» Exercise
Every line of the data should be written out exactly, with the pictures left out.

» Data below
Content starts

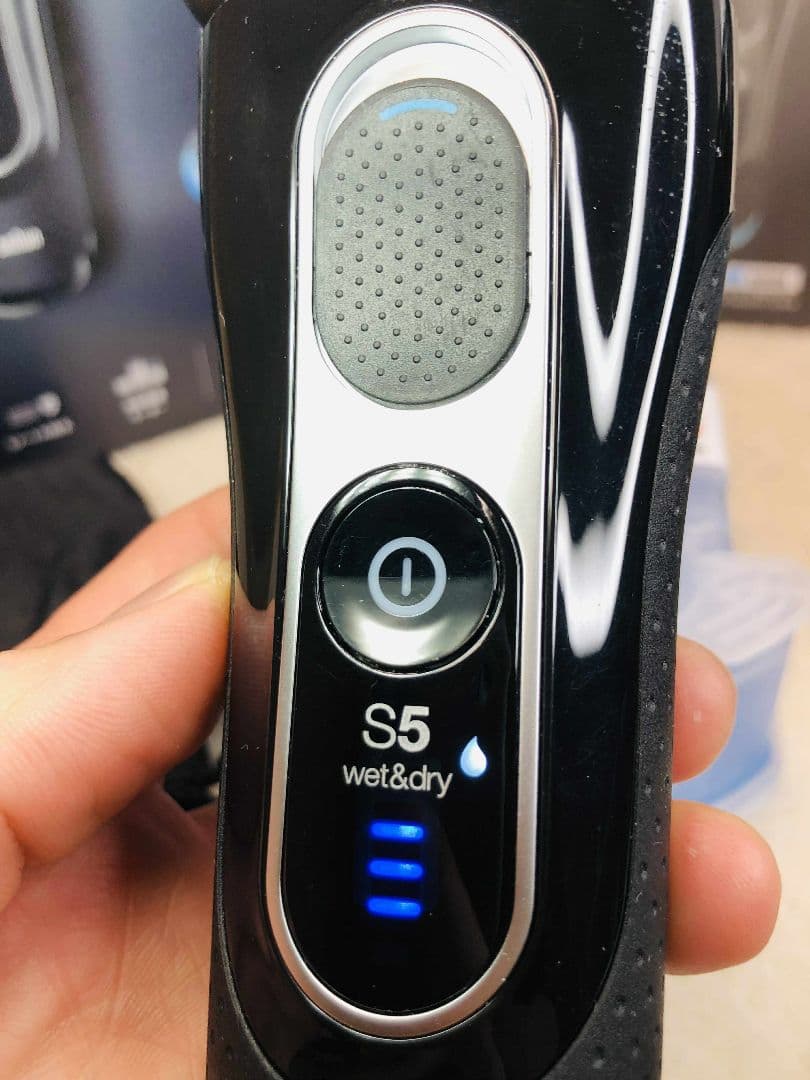 【未使用に近い品】BRAUN Series 5 5197cc 電気シェーバー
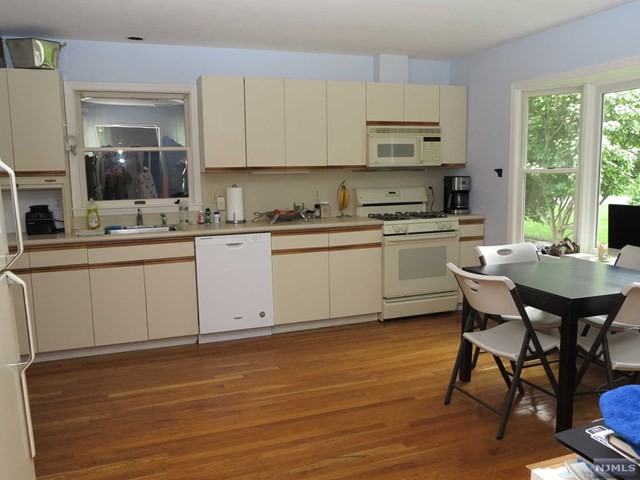 138 Spring St - Photo 3 of 11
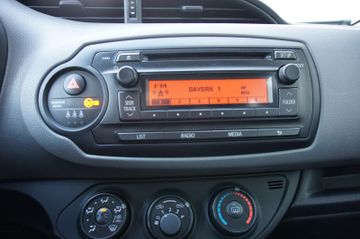 Toyota Yaris - 10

Content ends

» Response
 【未使用に近い品】BRAUN Series 5 5197cc 電気シェーバー
 138 Spring St - Photo 3 of 11
 Toyota Yaris - 10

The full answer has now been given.